Landlords and tenants need to have sensible discussions about the impact of the recent lockdown and restrictions on the tenants' particular businesses, sectors and circumstances and come to a mutually agreed position on the level of rent that is due and when it is to be paid in respect of the second quarter of 2020, which could be very different from the position set out in their commercial lease agreement.
This recent article in The Times explains that many commercial tenants in the UK were unable or unwilling to pay the rents due under their leases on the March quarter day this year - indeed, it states only 30% of the UK's last quarter's rent bill was paid!
The discussions between landlords and tenants may relate to the level of rent that is due in the second quarter of 2020, for example,
- a 50% rent reduction,
- linking rent to turnover and / or
- withdrawals from the rent deposit etc.
These discussions may also relate to flexibility in payment of rent during this period, for example,
- from quarterly to monthly,
- from in advance to in arrears and / or
- grace periods for late payments etc.
Any agreements will be tailored, unique and bespoke to the particular circumstances of the parties. Such agreements should be carefully documented for the benefit of landlords and tenants alike for the following reasons:
(a) to ensure it is legally binding on all parties,
(b) to provide flexibility as the emergency develops and unfolds,
(c) to avoid any unintended consequences in respect of the rest of the provisions in the commercial lease agreement e.g. the release of a guarantor, and
(d) to ensure tight confidentiality provisions are also included so any reduced rent / flexibility of payment or other short term agreement does not have an inadvertent impact on future rent reviews and/or the provisions of any renewal lease.

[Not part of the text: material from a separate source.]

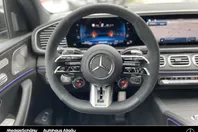 Mercedes-Benz GLE 63 AMG (Clasa GLE) din 2026 cu 9.000 km - oferta MER242116 - foto 5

It is important to bear in mind that these discussions may lead to further negotiations relating to other terms of the commercial lease agreement e.g. duration of term, upwards only open market rent reviews, additional break rights, etc and even, depending on the period remaining on the lease term, negotiations relating to renewal leases and/or lease surrenders.
The following measures have been announced by HM Government of Gibraltar to encourage commercial landlords to provide flexibility during the current pandemic to their commercial tenants operating in the relevant sectors as defined in the Civil Contingencies Emergency (Coronavirus) (Catering and Other Establishments) (Construction Shipbuilding and Repair) Regulations 2020:
- Commercial landlords will be required to pay tax at a rate of 50% on the gross rent without deductions where they do not waive at least 50% of the rent due in the second quarter of 2020 for tenants in the relevant sectors.

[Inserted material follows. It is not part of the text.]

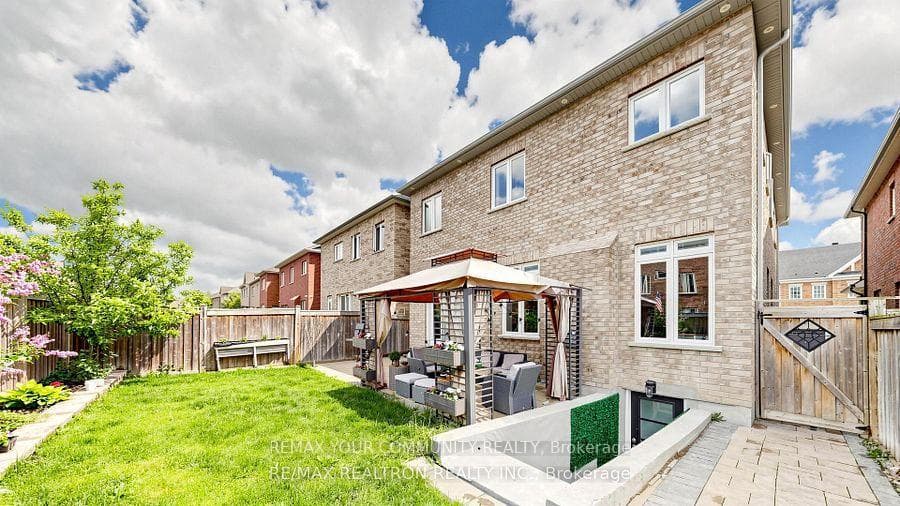 40 Meadowsweet Lane photo 47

- However, these penalty provisions will not be applied where, for tenants in the relevant sectors, commercial landlords waive 50% of the rent due in the second quarter of 2020 and/or waive 100% of the rent due in the second quarter of 2020 and extend the commercial lease by a further three months.
- Tenants in the relevant sectors who are not afforded flexibility by their commercial landlords will be allowed a deduction against their tax liability of three times the amount of rent paid.
We await to see how these measures will be implemented into legislation in Gibraltar, whether the measures will be extended to tenants of office premises and tenants in excluded sectors and, finally, whether any support measures will be brought in to assist landlords of commercial property in Gibraltar.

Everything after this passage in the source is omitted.